Stop me if you’ve heard this before.
One of the game’s preeminent left-handed starters is a free agent, and he’s very much on the Yanks’ radar. In fact, it’s been an open secret for nearly a year that the Yankees have wanted to pursue this pitcher once he hits the open market, but there are fears that another team could step in. Rumors are that he enjoys playing close to home. Rumors are that if his home town team gives him the right contract, he’d gladly take it over a similar offer from the Yankees. Rumors are he wants more years than the Yanks want to give him, and that could be the so-called dealbreaker.

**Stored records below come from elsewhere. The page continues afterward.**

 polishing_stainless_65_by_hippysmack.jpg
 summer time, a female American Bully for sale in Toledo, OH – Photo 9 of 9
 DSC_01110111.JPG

It’s beginning to sound a lot like CC, isn’t it? Clifton Phifer Lee and Carsten Charles Sabathia have been good friends since their days on the Indians. While the two didn’t come up together, they were teammates from 2002 until 2008, and if Brian Cashman and the Yankees have their way, the two lefties will again don the same uniforms.

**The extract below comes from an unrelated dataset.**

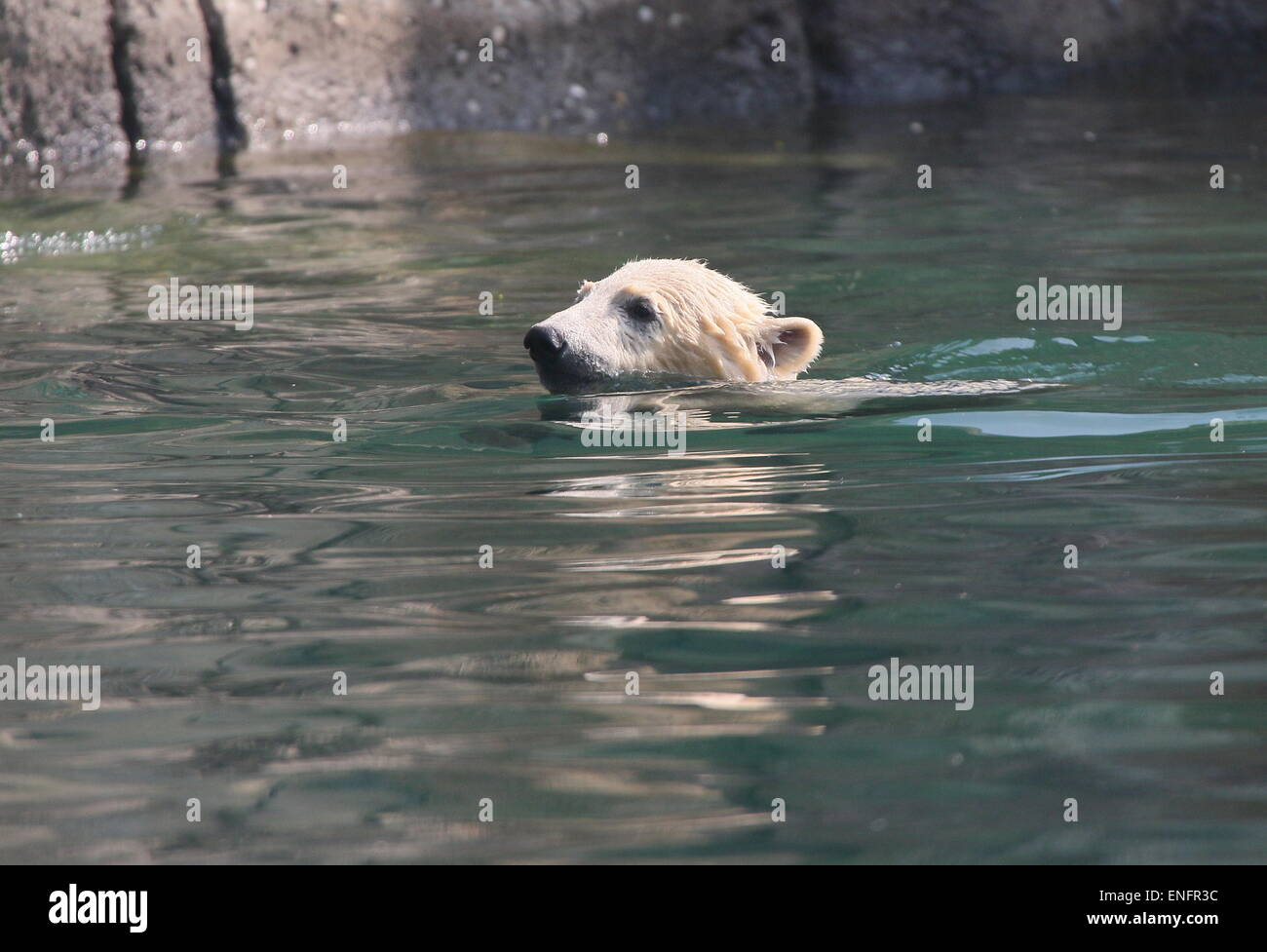 Vier Monate alten Polar Bear Cub (Ursus Maritimus) schwimmen Stockfoto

The similarities in their free agent storylines are uncannily similar, and that’s no coincidence. In each case, the Yanks made it known that they wanted the pitcher in question, and in each case, the player’s side is playing it coy. Ultimately, it will come down to the dollars. If the Yankees overwhelm every other offer, as they have the resources to do, Lee will be in the Bronx come April. The pressure from the Players Union as well as the allure of the dollars is too strong to overcome whatever ties Lee built up over just three months in Texas.
But as the back of my mind is a question about the Lee and Sabathia sagas: Do we want them to end the same way? Do we truly want Lee to sign a six- or possibly seven-year mega-deal for Sabathia bucks?

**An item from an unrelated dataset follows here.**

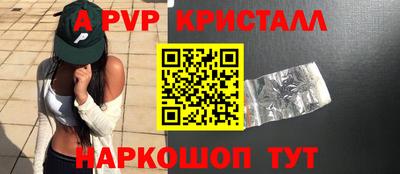 СК Гатчина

For starters, a few key years separate Sabathia from Lee. When CC signed with the Yanks, he had just finished his age 27 season. It was the ideal time for him to hit free agency, and he signed a contract that could cover up through and including his age 34 season. Lee, on the other hand, just threw his age 31 season. A six-year deal would lock him up through his age 37 season and a seven-year deal through age 38. In baseball years, that’s a significant difference.
In Newsday today, Ken Davidoff opines on the Yanks’ choice. It’s quite the conundrum, he says:
Common sense tells you that the Yankees, who appear increasingly desperate to sign the lefthander, will be the team to step up to six. In doing so, they’ll ensure that Lee turns away the Rangers, for whom he enjoyed playing so much.
And baseball wisdom tells you that the Yankees, by doing so, again would be sacrificing long-term viability for the sake of a short-term gain. It’s a practice they’ve exhibited too often, even since Brian Cashman took full control of the baseball operations after the 2005 season.
On the one hand, the Yanks have been willing to let players go. Hideki Matsui and Johnny Damon were both dispatched from New York amidst fan outcry, but the team didn’t suffer without them. On the other hand, though, the Yankees are saddled with A-Rod’s monster contract, with A.J. Burnett’s right arm, with three or four years of 37-and-counting Derek Jeter at 27-and-counting dollars. The team is paying more and more now to win later without focusing too much on the downside of that strategy.
One day, it’ll come back to bite the Yanks. Maybe in 2013 or 2014, we’ll suffer through a mediocre year of aging players who must play out the final few years of their careers and mega-contracts. Maybe we’ll regret this spending spree. Will another World Series make it all OK? That, said Davidoff, is “tomorrow’s problem.” Today, we worry about what it will take to land Lee, misgivings and all.